The complex shapes that the dynamics form are known as ‘strange attractors’. They are called ‘attractors’ because, regardless of the initial conditions, the functions will converge to a path along these surfaces. They are ‘strange’ because they are fractal in nature. The dimension of the attractor will be a non-integer that is less than the number of equations. We will discuss this more in Section 4.2.

The convergent path along the attractor is controlled by the parameters in the governing equations. When a control parameter is slowly increased, the system exhibits a series of behaviours (Scargle 1992). This series is known as the ‘route to chaos’. The behaviours usually unfold as constant ⇒ periodic ⇒ period two ⇒ … chaos (Olsen & Degn 1985), as demonstrated in Fig. 3, where period two is a repeating path that travels twice around the attractor. As the parameter is increased, this behaviour continues to where the path cycles three, four or more times to return to the same location, until it suddenly becomes chaotic, where the path will never repeat.

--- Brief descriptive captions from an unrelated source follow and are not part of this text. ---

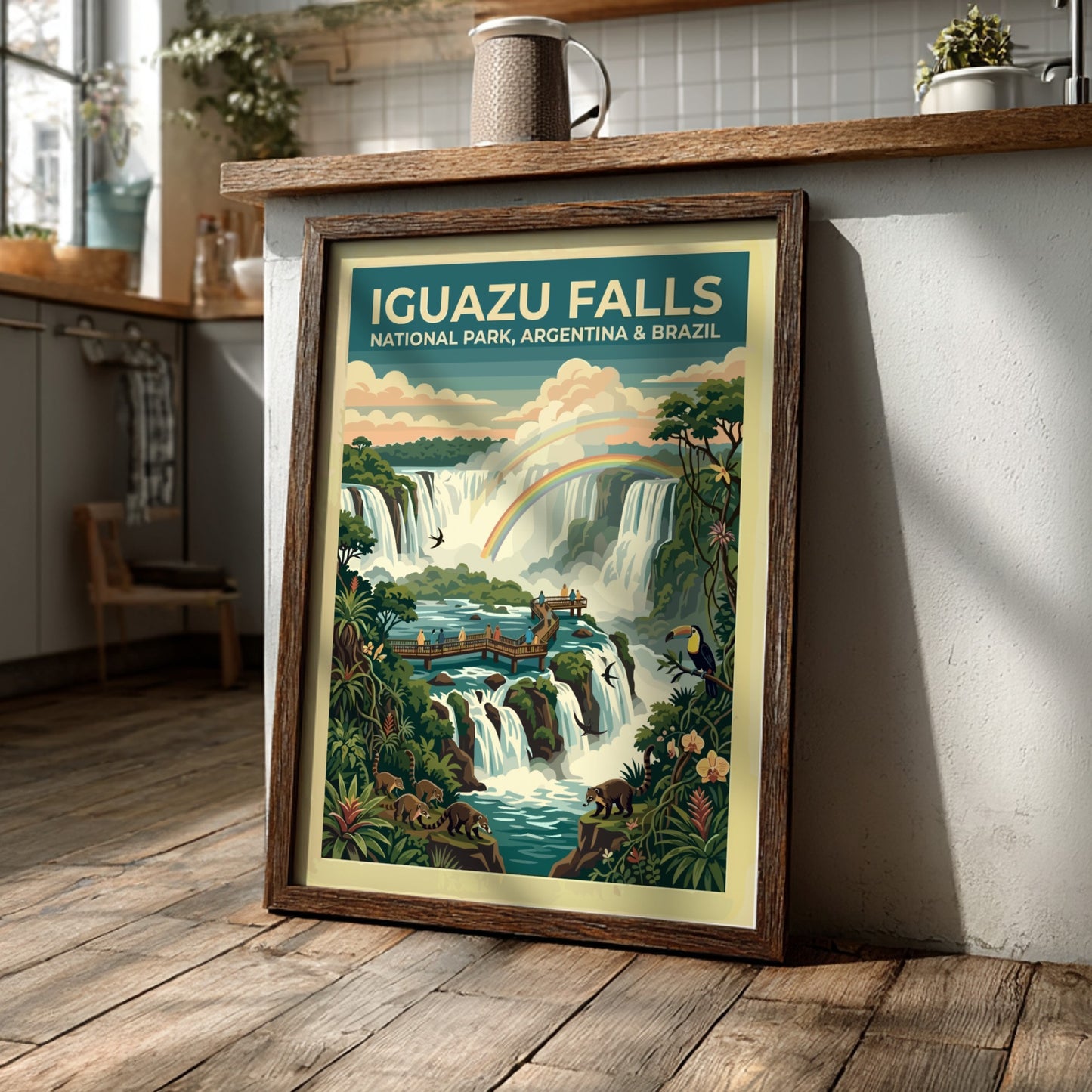 South America travel poster featuring Iguazu Falls with rainbows, coatis, toucans, and lush greenery.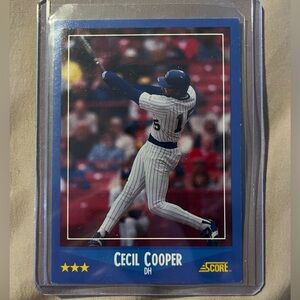 VINTAGE Cecil Cooper 1988 Milwaukee Brewers Score MLB Baseball Trading Card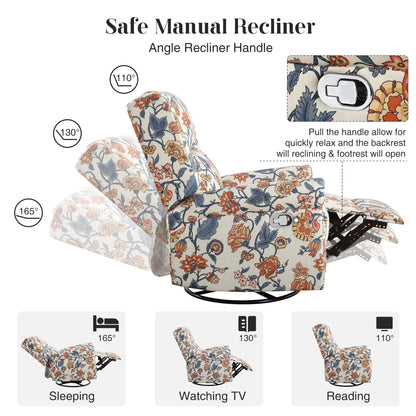 Poltrona a dondolo girevole reclinabile manuale floreale HOMYKA con schienale imbottito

The route to chaos for the Rössler equations with a = b = 0.1.
Figure 3.

The route to chaos for the Rössler equations with a = b = 0.1.

3 LINEAR ANALYSIS

We wish to search for chaotic and non-linear behaviour in the spin-down rate presented in fig. 2 of Lyne et al. (2010). There they isolated a subset of 17 pulsars with prominent variations in their frequency derivatives. These time series are ideal for non-linear studies because they directly relate to the dynamics of a pulsar. Before non-linear analysis can be done, we need to compensate for some of their limitations.

3.1 Mind the gap

When dealing with large time-scales, such as those encountered in astronomy, it is not always feasible to record data at regular intervals. This produces a time series that sporadically samples a continuous phenomenon. When the time spacing between two points in the series is relatively small, little information is lost about the continuum inside that region. If the spacing is large, more information is lost, which can cause a change in the structure of the data.

To avoid such changes, we would like to analyse the largest section in the time series that best samples the phenomenon. We start by finding the statistical mode of the spacing, which gives us the step size that is the closest to being evenly sampled. We then compare this with the spacings in the series. If a gap is greater than three times the mode spacing, we assume that this region has significant information loss. The time series is now broken into several sections that are separated by these large gaps, an example of which can be seen in Fig. 4(a). We extract the longest section of data which is then normalized on both axes for more efficient computing, as seen in Fig. 4(b).

(a) The time series recorded for PSR B0740−28. The vertical red bars highlight the gaps that are greater than three times the mode spacing. (b) The largest section for PSR B0740−28 after being normalized on both axes.
Figure 4.

(a) The time series recorded for PSR B0740−28. The vertical red bars highlight the gaps that are greater than three times the mode spacing. (b) The largest section for PSR B0740−28 after being normalized on both axes.

3.2 Turning-point analysis

We want to ensure that the new time series is depicting a phenomenon and is not solely a consequence of noise. If the time series samples a continuous function well, then we should expect a smooth curve with a large number of data points between maxima and minima, or what are known as turning points. If the time series samples a random distribution, then we should expect several rapid fluctuations which will cause a large number of turning points. We can see an example of this in Fig. 5, where the well-sampled continuous sine wave has very few turning points, while the random series, with the same number of data points, has considerably more.

(a) Sine function: an example of a continuous function. (b) Random time series with the same number of data points as the sine wave.
Figure 5.

(a) Sine function: an example of a continuous function. (b) Random time series with the same number of data points as the sine wave.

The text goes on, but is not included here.